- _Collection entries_

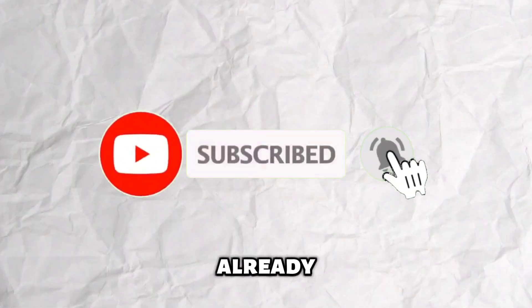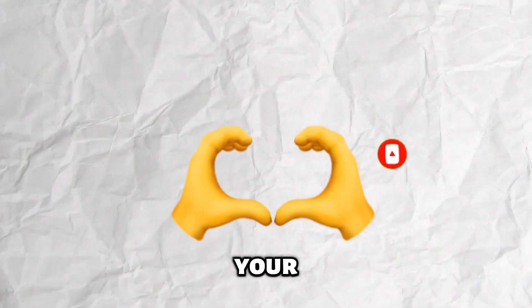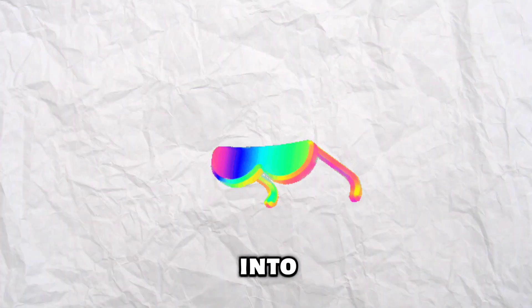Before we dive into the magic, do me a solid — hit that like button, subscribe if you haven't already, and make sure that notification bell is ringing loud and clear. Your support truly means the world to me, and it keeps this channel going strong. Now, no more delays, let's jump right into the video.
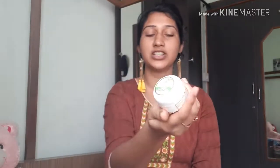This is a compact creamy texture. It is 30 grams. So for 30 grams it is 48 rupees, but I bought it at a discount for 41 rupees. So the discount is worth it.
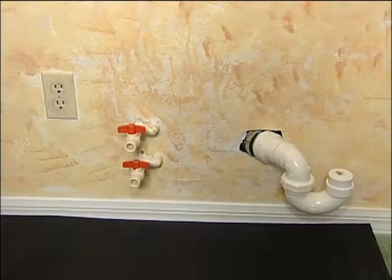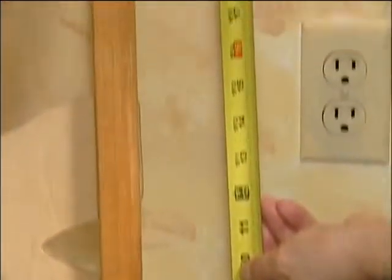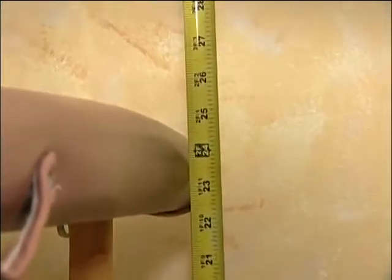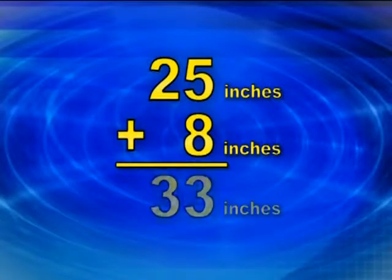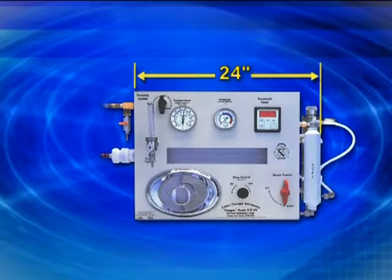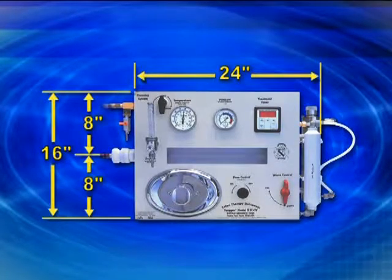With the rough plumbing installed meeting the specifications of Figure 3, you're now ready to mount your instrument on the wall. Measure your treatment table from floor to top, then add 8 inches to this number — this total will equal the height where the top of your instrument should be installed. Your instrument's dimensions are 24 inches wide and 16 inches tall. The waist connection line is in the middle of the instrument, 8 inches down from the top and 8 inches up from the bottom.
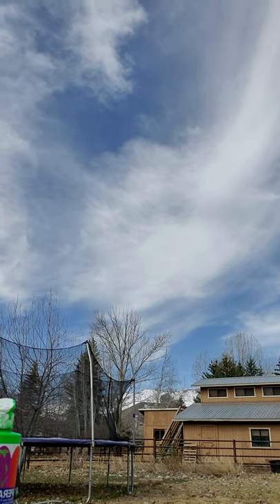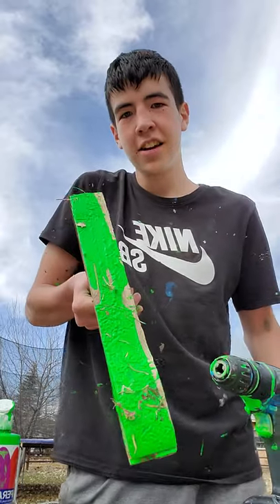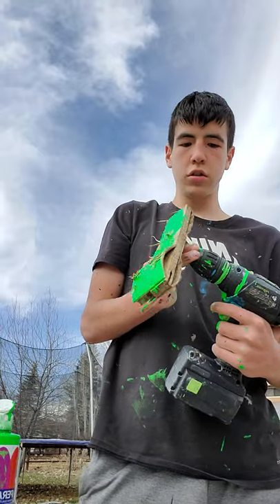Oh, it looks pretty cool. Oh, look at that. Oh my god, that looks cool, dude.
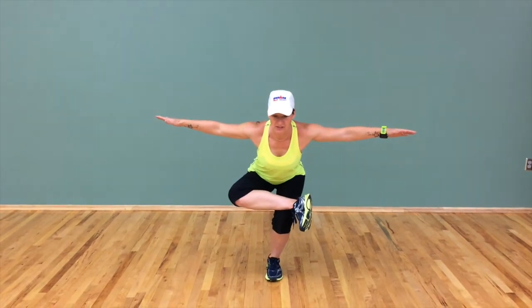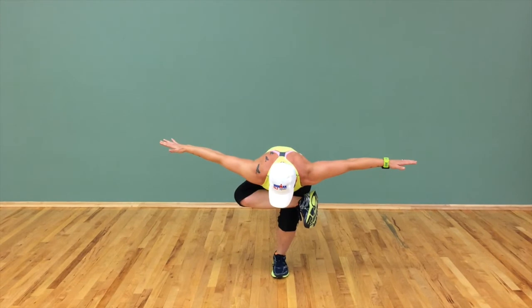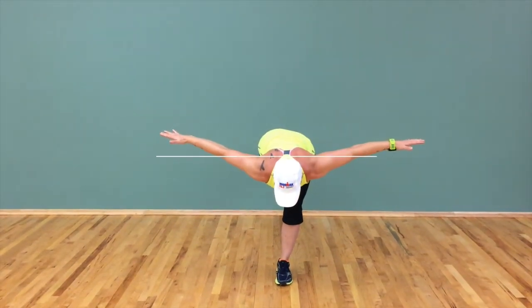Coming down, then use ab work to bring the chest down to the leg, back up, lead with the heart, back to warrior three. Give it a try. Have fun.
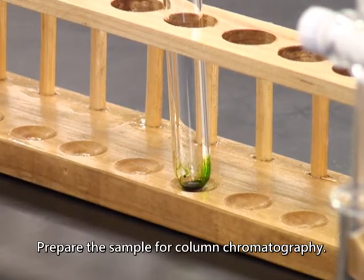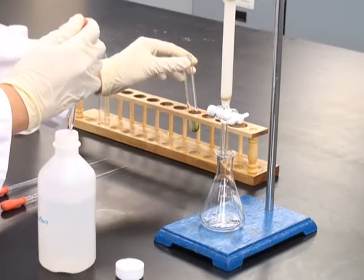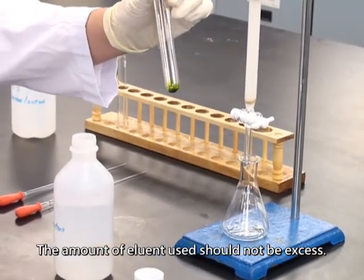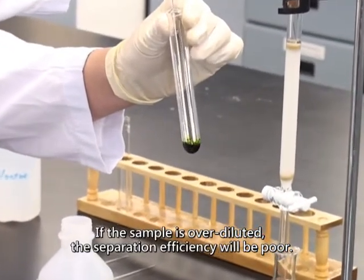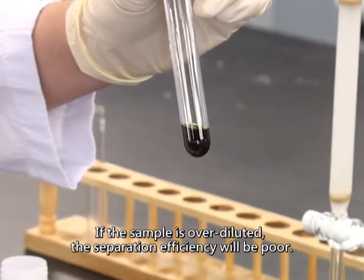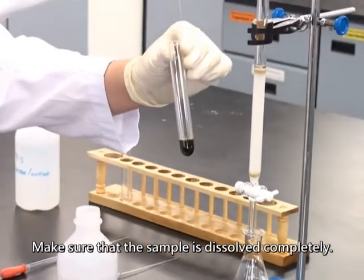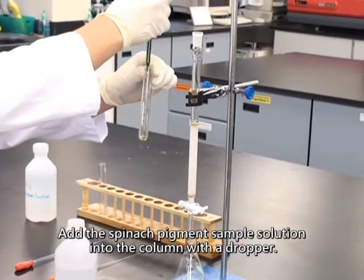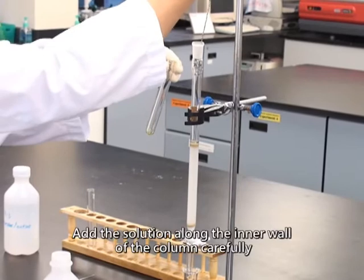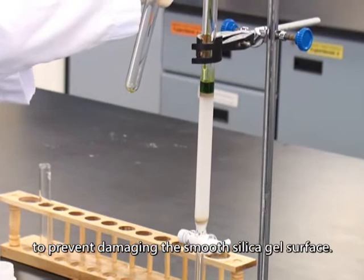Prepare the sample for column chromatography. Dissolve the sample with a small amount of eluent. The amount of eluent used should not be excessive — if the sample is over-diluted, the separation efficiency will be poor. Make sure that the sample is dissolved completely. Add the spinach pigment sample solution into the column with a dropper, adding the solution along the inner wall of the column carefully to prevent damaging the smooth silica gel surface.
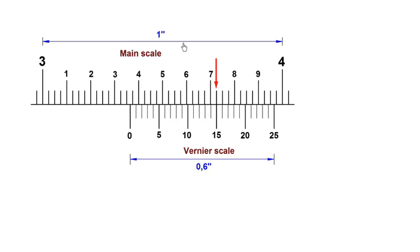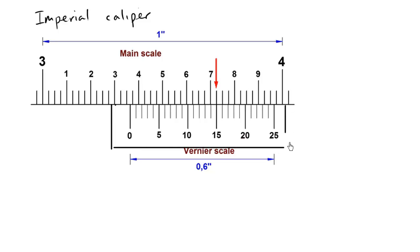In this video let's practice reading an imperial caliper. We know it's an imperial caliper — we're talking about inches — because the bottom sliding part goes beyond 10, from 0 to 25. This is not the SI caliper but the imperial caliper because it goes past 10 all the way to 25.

- _What this task involves_
With the pictures set aside, copy each line above as written.

- _Output below_
Before we dive into the magic, do me a solid — hit that like button, subscribe if you haven't already, and make sure that notification bell is ringing loud and clear. Your support truly means the world to me, and it keeps this channel going strong. Now, no more delays, let's jump right into the video.
This is a compact creamy texture. It is 30 grams. So for 30 grams it is 48 rupees, but I bought it at a discount for 41 rupees. So the discount is worth it.
With the rough plumbing installed meeting the specifications of Figure 3, you're now ready to mount your instrument on the wall. Measure your treatment table from floor to top, then add 8 inches to this number — this total will equal the height where the top of your instrument should be installed. Your instrument's dimensions are 24 inches wide and 16 inches tall. The waist connection line is in the middle of the instrument, 8 inches down from the top and 8 inches up from the bottom.
Oh, it looks pretty cool. Oh, look at that. Oh my god, that looks cool, dude.
Coming down, then use ab work to bring the chest down to the leg, back up, lead with the heart, back to warrior three. Give it a try. Have fun.
Prepare the sample for column chromatography. Dissolve the sample with a small amount of eluent. The amount of eluent used should not be excessive — if the sample is over-diluted, the separation efficiency will be poor. Make sure that the sample is dissolved completely. Add the spinach pigment sample solution into the column with a dropper, adding the solution along the inner wall of the column carefully to prevent damaging the smooth silica gel surface.
In this video let's practice reading an imperial caliper. We know it's an imperial caliper — we're talking about inches — because the bottom sliding part goes beyond 10, from 0 to 25. This is not the SI caliper but the imperial caliper because it goes past 10 all the way to 25.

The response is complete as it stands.